So, and that in particular usually being a white man, right. So it’s a lot easier to inhabit that space, and it’s something that you’re trained by media to do, by media at large to do, obviously. But to add this layer on top of it, to the point where it’s shameful to try to engage with the perspective…I don’t know.

[Elizabeth Minkel]: And I think I would observe, and I wonder if other slash fans would feel the same way, over time, over the last 15 years, a decrease in the amount of engagement around sexuality within male/male stories. I think part of that reflects destig…I mean if you were writing a slash story in 2001 you were writing in a different climate I would say.
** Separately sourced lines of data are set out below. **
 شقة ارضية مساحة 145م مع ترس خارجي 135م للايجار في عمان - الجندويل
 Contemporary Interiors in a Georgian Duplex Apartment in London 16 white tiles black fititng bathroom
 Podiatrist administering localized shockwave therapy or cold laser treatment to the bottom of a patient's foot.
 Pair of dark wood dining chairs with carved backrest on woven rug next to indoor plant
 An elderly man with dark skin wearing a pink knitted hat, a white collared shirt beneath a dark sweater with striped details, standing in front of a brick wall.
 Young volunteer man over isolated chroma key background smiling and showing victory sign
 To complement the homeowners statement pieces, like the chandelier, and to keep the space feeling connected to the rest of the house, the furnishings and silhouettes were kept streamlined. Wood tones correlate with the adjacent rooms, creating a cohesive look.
But it’s also sort of, when there are millions and millions of stories around and you’re just clicking from one Harry/Louis story to the next—to give you your example [FK lauhgs]—if you’re in that vast world where this is just a given fact, how often do characters struggle with that? And I think that I’ve seen people discuss this, there’s some blowback actually when you have characters struggling with it. Which is frustrating because not everyone just, you know, shows up at age 14 and is like “here’s my labels and I’m good!” That’s not how the world works.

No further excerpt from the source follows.